Rubin M A, de La Taille A, Bagiella E, Olsson C A, O'Toole K M
Department of Pathology, College of Physicians and Surgeons, Columbia University, New York, New York, USA.
Am J Surg Pathol. 1998 Jul;22(7):840-8. doi: 10.1097/00000478-199807000-00006.
Cribriform neoplasia of the prostate can be recognized easily. However, controversy persists regarding terminology, particularly with the intraductal spread of cribriform neoplasia; some consider this "intraductal carcinoma," whereas consensus meetings defined these lesions as high-grade cribriform prostatic intraepithelial neoplasia (HGCP). This study attempts to identify the incidence and clinical significance of HGCP and cribriform carcinoma (CC) by evaluating 114 radical prostatectomy specimens. Cases were divided into three histologic groups for statistical analysis: (1) pure acinar carcinoma: infiltrating acinar carcinoma without evidence of cribriform neoplasia; (2) CC: acinar carcinoma with CC; and (3) HGCP: acinar carcinoma with HGCP. High-grade cribriform prostatic intraepithelial neoplasia was defined as the presence of neoplastic cells spanning the entire lumen in a cribriform configuration in which a basal cell layer could be shown by immunohistochemistry. Similar areas in which no basal cell layer could be seen were diagnosed as CC. The incidence of cribriform neoplasia was 38% (43 of 114). The incidences of HGCP and CC were 13% (15 of 114) and 25% (28 of 114), respectively. Univariate analysis showed a strong association between HGCP and CC both and several preoperative and final pathology results, including digital rectal examination, pathology tumor stage, extraprostatic extension, surgical margin positivity, high Gleason sum (GS), and high tumor volume. Kaplan-Meier analysis showed HGCP to have a 61% cumulative prostate-specific antigen (PSA) failure rate in contrast with CC and pure acinar cancer, which had cumulative PSA failure rates of 15% and 13%, respectively (p = 0.0001, log-rank test). Multivariate Cox's proportional-hazards analysis found preoperative serum PSA, GS, tumor stage, and volume to be important predictors of PSA failure. In a second regression model that included serum PSA, GS, and pathology tumor stage, HGCP was an independent predictor of PSA failure. Both HGCP and CC are closely associated with several poor prognostic indicators, including advanced pathology tumor stage, a high GS, and serum PSA. Multivariate analysis showed HGCP as an independent prognostic indicator. The close association between high tumor volume and HGCP supports the theory that the development of HGCP is a late event in tumor progression, more compatible with the intraductal spread of tumor than dysplasia.

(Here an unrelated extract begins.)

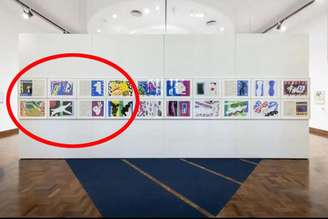 Imagem da biblioteca Mário de Andrade mostra os 8 quadros de Matisse roubados
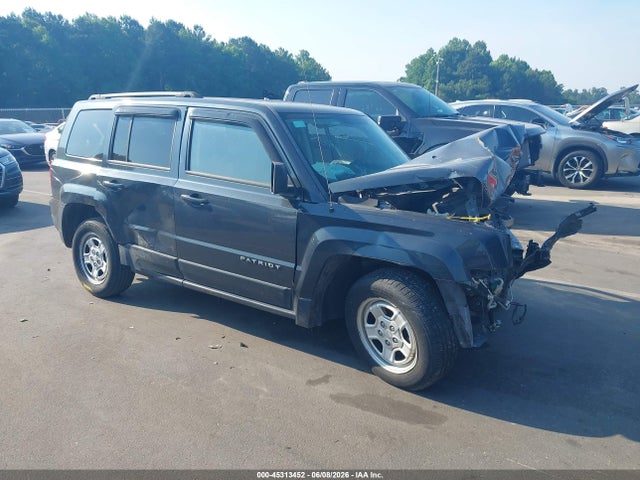 2014 Jeep Patriot Sport მანქანა იყიდება აუქციონზე, vin: 1C4NJPBB6ED917406, აუქციონის ნომერი: 45313452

前列腺筛状瘤变很容易识别。然而,关于术语仍存在争议,尤其是筛状瘤变的导管内扩散;一些人认为这是“导管内癌”,而共识会议将这些病变定义为高级别筛状前列腺上皮内瘤变(HGCP)。本研究试图通过评估114份前列腺根治性切除术标本,来确定HGCP和筛状癌(CC)的发生率及临床意义。病例分为三个组织学组进行统计分析:(1)单纯腺泡癌:浸润性腺泡癌,无筛状瘤变证据;(2)CC:伴有CC的腺泡癌;(3)HGCP:伴有HGCP的腺泡癌。高级别筛状前列腺上皮内瘤变定义为肿瘤细胞以筛状结构跨越整个管腔,免疫组化可显示基底细胞层。未见基底细胞层的类似区域诊断为CC。筛状瘤变的发生率为38%(114例中的43例)。HGCP和CC的发生率分别为13%(114例中的15例)和25%(114例中的28例)。单因素分析显示HGCP和CC均与多项术前及最终病理结果密切相关,包括直肠指检、病理肿瘤分期、前列腺外侵犯、手术切缘阳性、高Gleason评分(GS)和高肿瘤体积。Kaplan-Meier分析显示,HGCP的前列腺特异性抗原(PSA)累积失败率为61%,而CC和单纯腺泡癌的PSA累积失败率分别为15%和13%(p = 0.0001,对数秩检验)。多因素Cox比例风险分析发现术前血清PSA、GS、肿瘤分期和体积是PSA失败的重要预测因素。在包含血清PSA、GS和病理肿瘤分期的第二个回归模型中,HGCP是PSA失败的独立预测因素。HGCP和CC均与多项不良预后指标密切相关,包括晚期病理肿瘤分期、高GS和血清PSA。多因素分析显示HGCP是独立的预后指标。高肿瘤体积与HGCP之间的密切关联支持了这样一种理论,即HGCP的发生是肿瘤进展中的晚期事件,与肿瘤的导管内扩散比发育异常更相符。